* _Your instructions_:
What you give back from the listing below should be an exact copy of the lines from the one with "Rust Cross Stitch" down to the one with "Kimono Robe Peacock", and it should contain no pictures.

* _Material for the task_:
────────────────────────────────────────

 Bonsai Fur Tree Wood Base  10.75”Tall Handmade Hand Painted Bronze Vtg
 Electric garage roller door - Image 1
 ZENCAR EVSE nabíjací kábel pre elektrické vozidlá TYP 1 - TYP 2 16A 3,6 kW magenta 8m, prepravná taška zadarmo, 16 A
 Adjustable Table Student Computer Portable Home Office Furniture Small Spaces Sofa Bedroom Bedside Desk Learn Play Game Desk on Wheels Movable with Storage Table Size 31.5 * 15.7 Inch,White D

────────────────────────────────────────

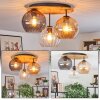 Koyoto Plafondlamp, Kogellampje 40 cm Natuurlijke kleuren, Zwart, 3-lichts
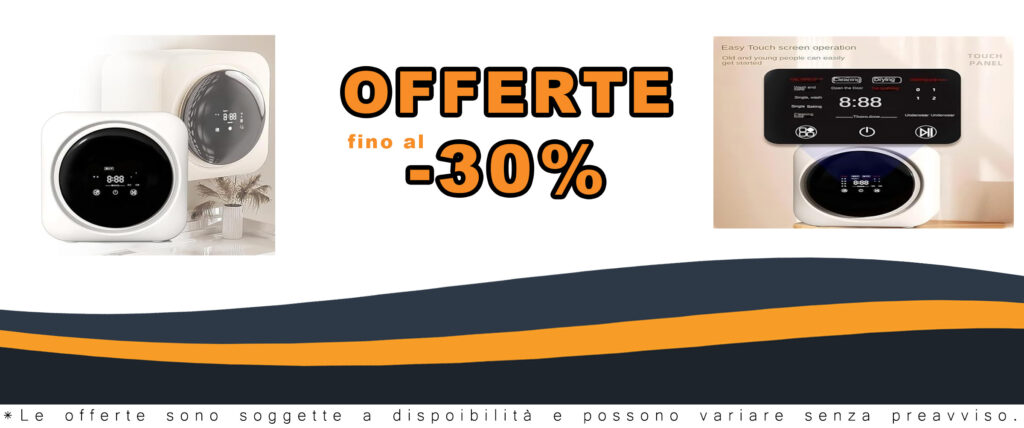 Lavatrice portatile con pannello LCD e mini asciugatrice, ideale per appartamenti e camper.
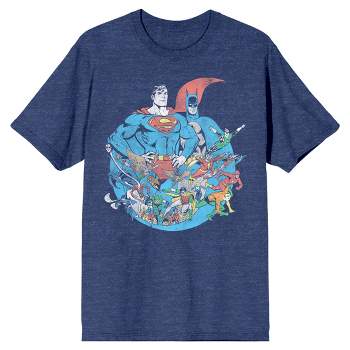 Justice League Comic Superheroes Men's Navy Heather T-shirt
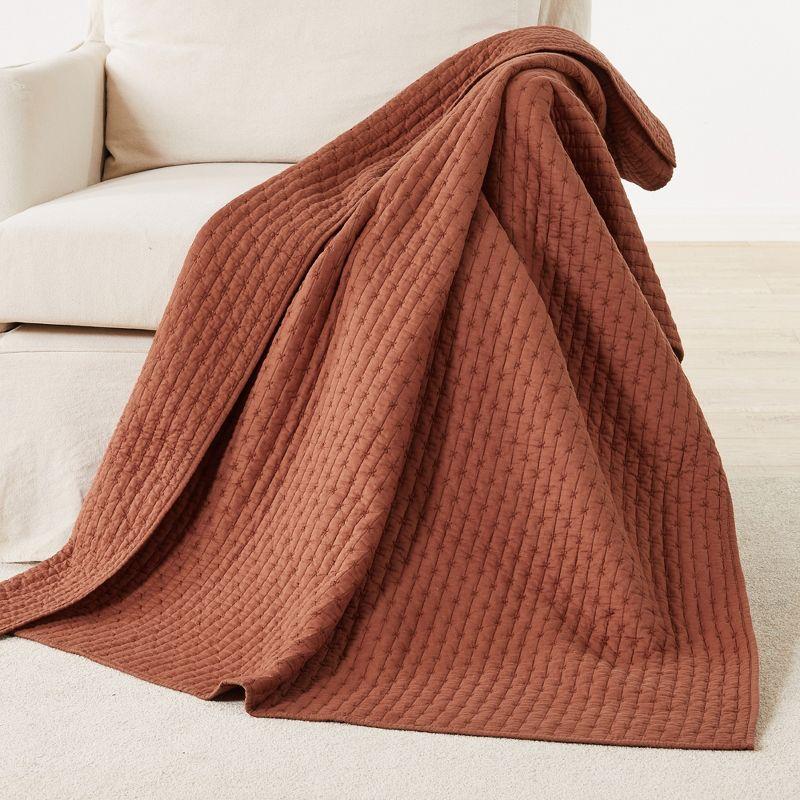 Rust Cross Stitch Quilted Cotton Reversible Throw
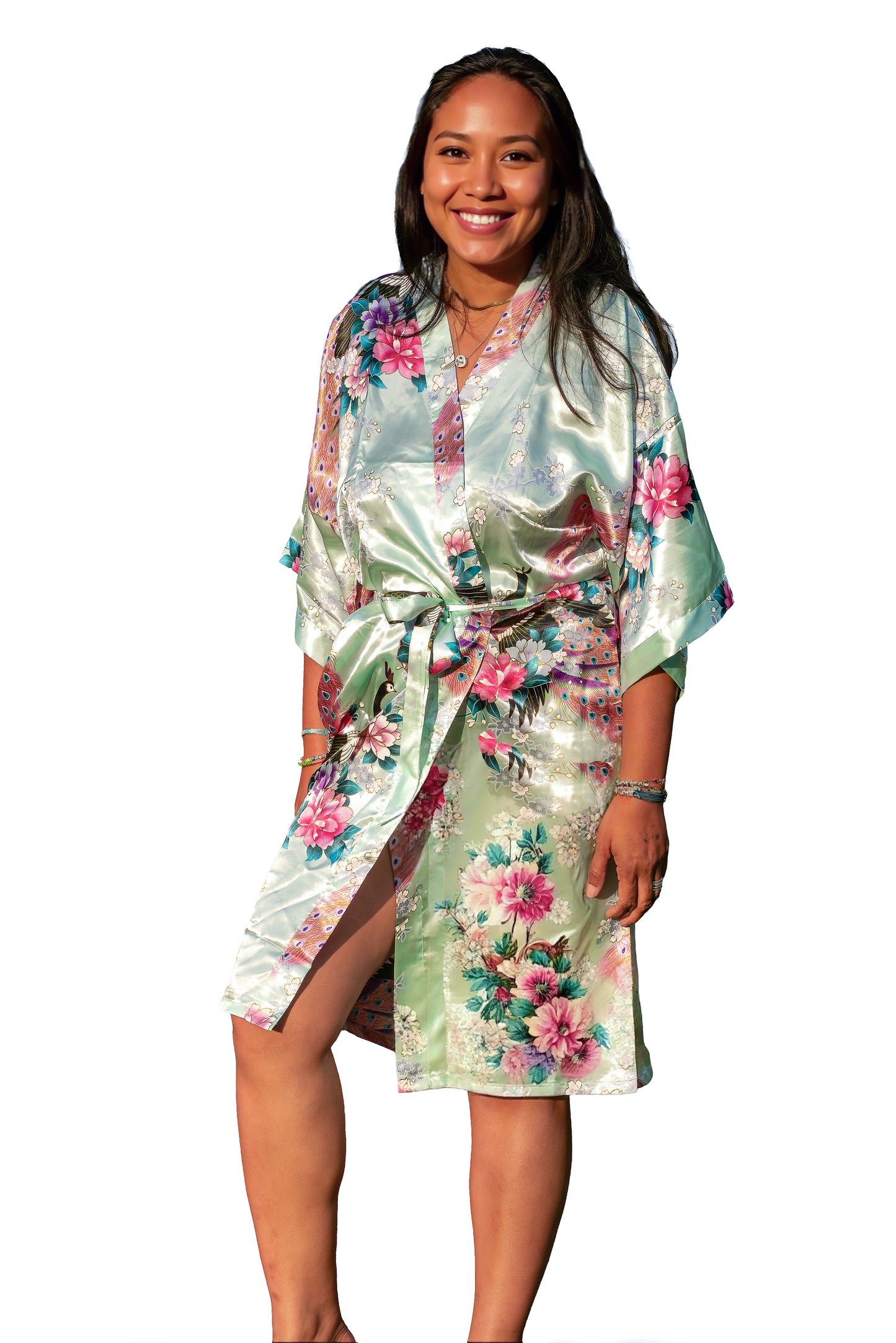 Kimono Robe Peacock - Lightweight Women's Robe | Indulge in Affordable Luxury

────────────────────────────────────────

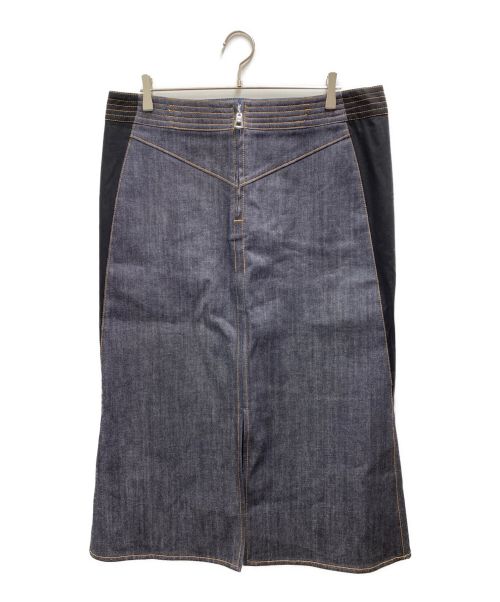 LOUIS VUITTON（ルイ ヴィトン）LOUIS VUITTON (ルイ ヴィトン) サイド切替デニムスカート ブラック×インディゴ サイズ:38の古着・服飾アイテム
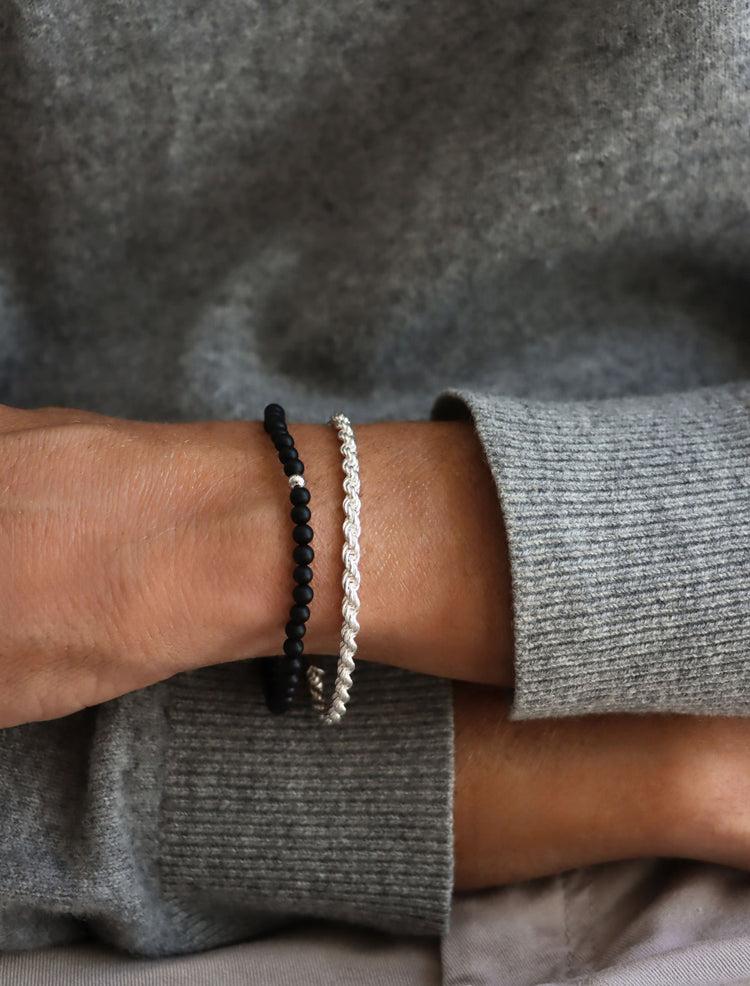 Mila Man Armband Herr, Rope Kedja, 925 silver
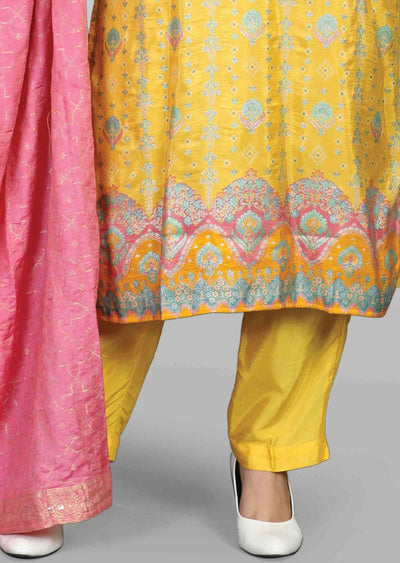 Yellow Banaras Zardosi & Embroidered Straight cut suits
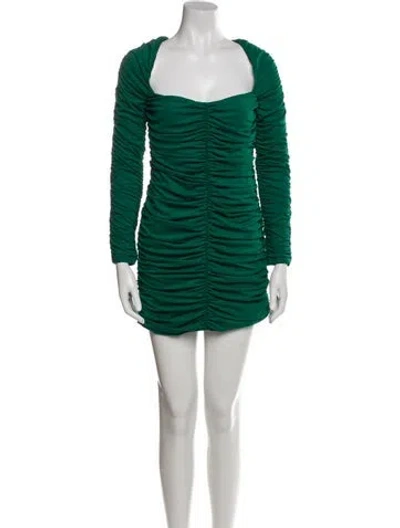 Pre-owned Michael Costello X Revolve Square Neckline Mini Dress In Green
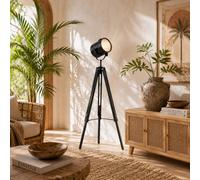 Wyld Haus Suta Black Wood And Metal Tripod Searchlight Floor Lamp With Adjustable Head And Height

────────────────────────────────────────

* _Solution for this problem_:
 Rust Cross Stitch Quilted Cotton Reversible Throw
 Kimono Robe Peacock - Lightweight Women's Robe | Indulge in Affordable Luxury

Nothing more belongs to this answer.